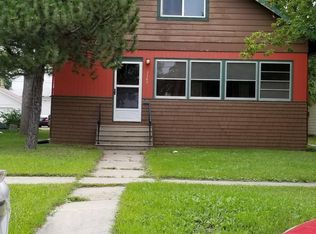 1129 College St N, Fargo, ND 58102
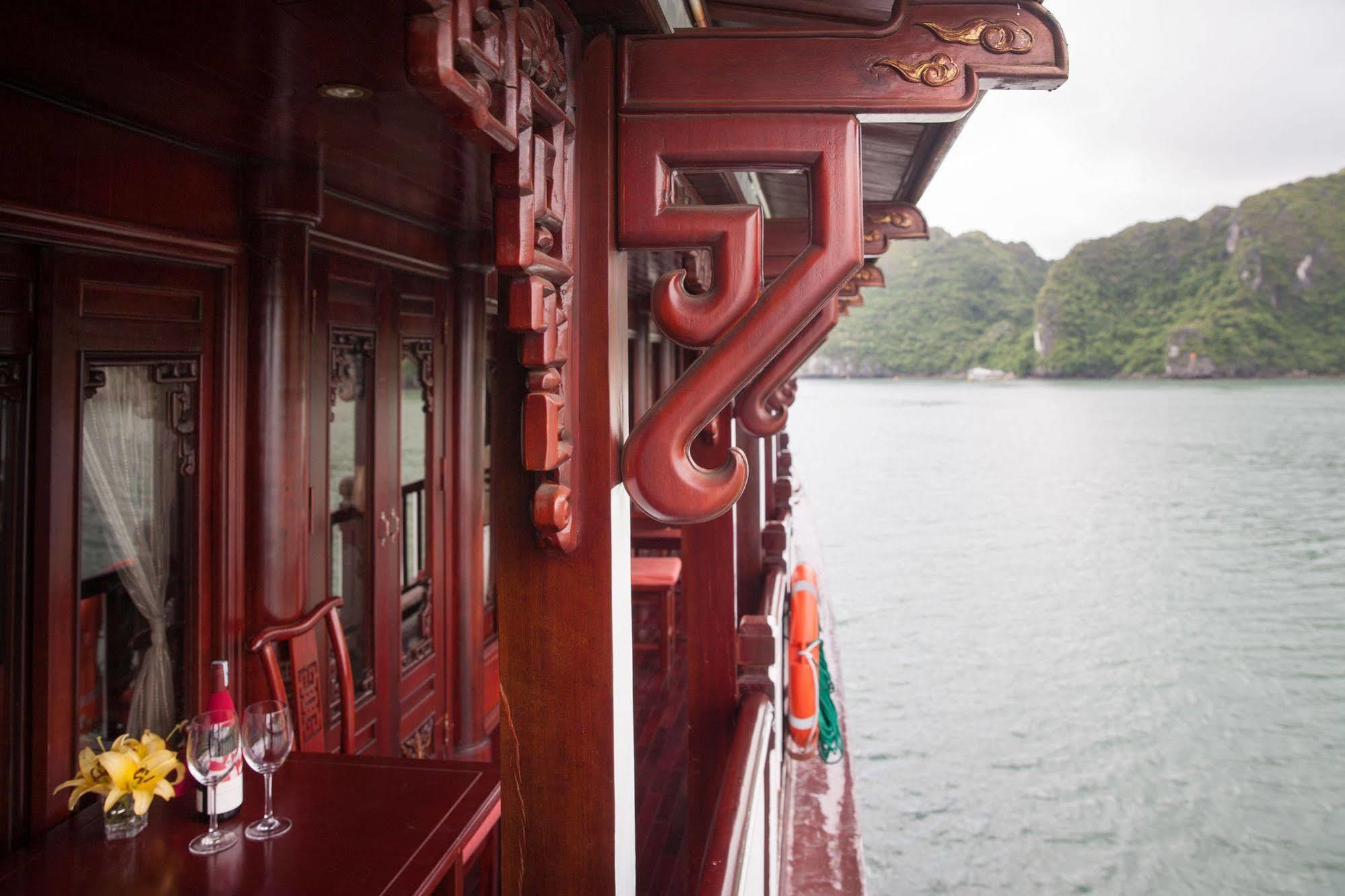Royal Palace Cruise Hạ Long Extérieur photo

▬▬▬▬▬▬▬▬▬▬

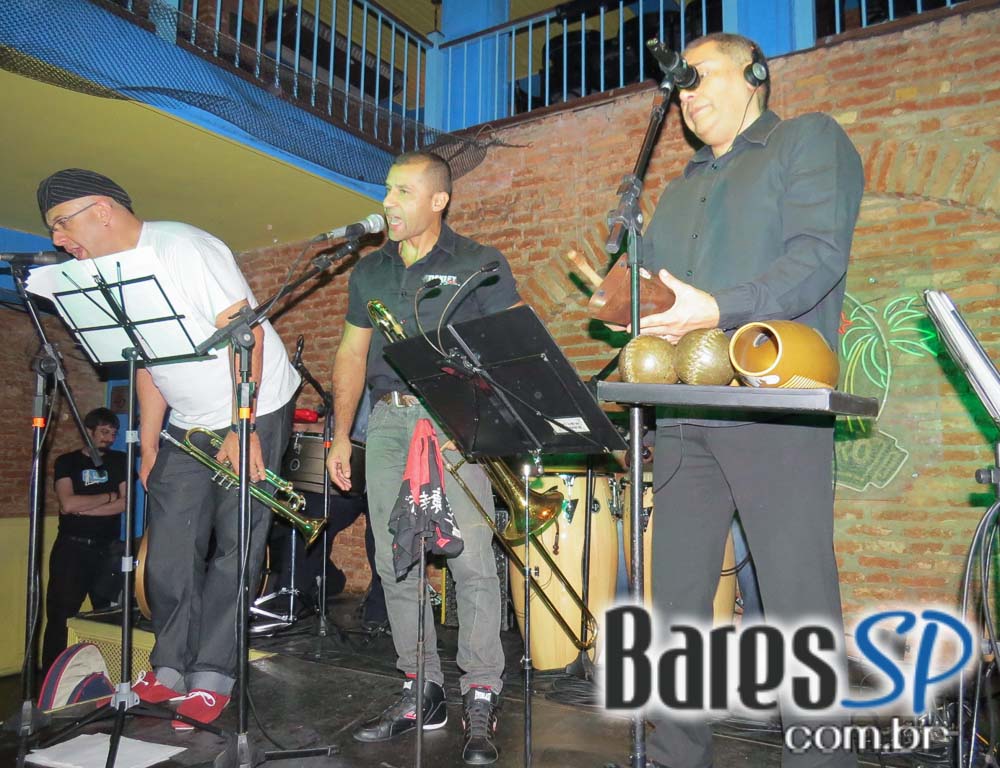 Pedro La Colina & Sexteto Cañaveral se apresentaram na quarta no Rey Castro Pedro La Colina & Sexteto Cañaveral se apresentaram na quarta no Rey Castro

▬▬▬▬▬▬▬▬▬▬

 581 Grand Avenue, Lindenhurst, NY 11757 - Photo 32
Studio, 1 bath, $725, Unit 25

▬▬▬▬▬▬▬▬▬▬

— Work required —
Write out exactly the run of lines above that starts at the line containing "1129 College St N, Fargo, ND 58102" and ends at the line containing "Royal Palace Cruise Hạ Long Extérieur photo". Include both, and leave the pictures out.

— Task output —
 1129 College St N, Fargo, ND 58102
Royal Palace Cruise Hạ Long Extérieur photo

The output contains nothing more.